Word for word, copy the lines beginning at the one with "Bacteria are single-cell" and ending at the last line below; pictures stay out.

INFORMATION PROVIDED -
************
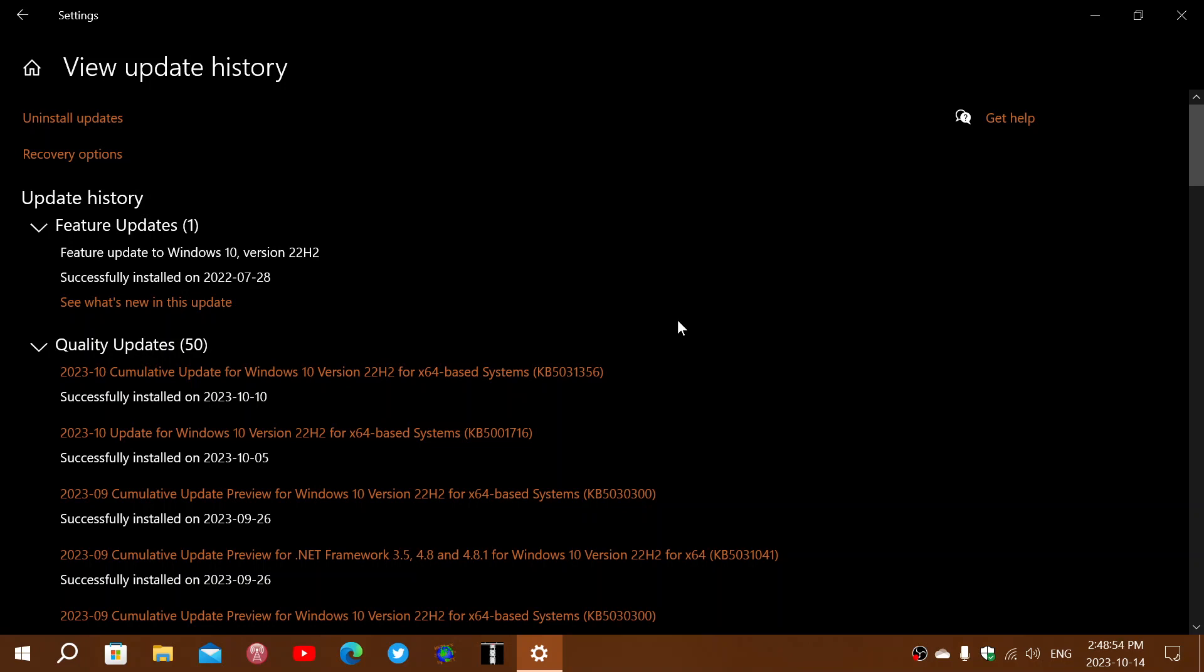They are looking for the root cause and will be providing an update once they have more information. They are encouraging everybody that does have that problem to report it in the feedback hub because it's going to give them more detail about the types of systems and who are affected. They are investigating whether it could be the cause due to something external to the update itself, like an antivirus or software that's installed or something that's interfering with it.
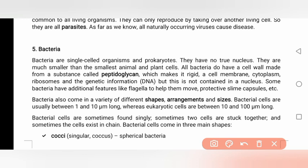Bacteria are single-cell organisms and are prokaryotes, meaning their cells have no nucleus. They are much smaller than the smallest animal or plant cell. All bacteria do have a cell wall, which is made from a substance called peptidoglycan.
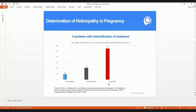Deterioration of retinopathy in pregnancy is an important concern. Pregnancy is a slightly hypercoagulable state, and the narrowed but patent microvascular vessels can get blocked. In patients without retinopathy, 10 percent can progress to some form of retinopathy during pregnancy. In mild retinopathy, 21 percent can progress to more severe forms. In severe non-proliferative diabetic retinopathy, about 55 percent can progress.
************
SOLUTION TO THIS PROBLEM -
Bacteria are single-cell organisms and are prokaryotes, meaning their cells have no nucleus. They are much smaller than the smallest animal or plant cell. All bacteria do have a cell wall, which is made from a substance called peptidoglycan.
Deterioration of retinopathy in pregnancy is an important concern. Pregnancy is a slightly hypercoagulable state, and the narrowed but patent microvascular vessels can get blocked. In patients without retinopathy, 10 percent can progress to some form of retinopathy during pregnancy. In mild retinopathy, 21 percent can progress to more severe forms. In severe non-proliferative diabetic retinopathy, about 55 percent can progress.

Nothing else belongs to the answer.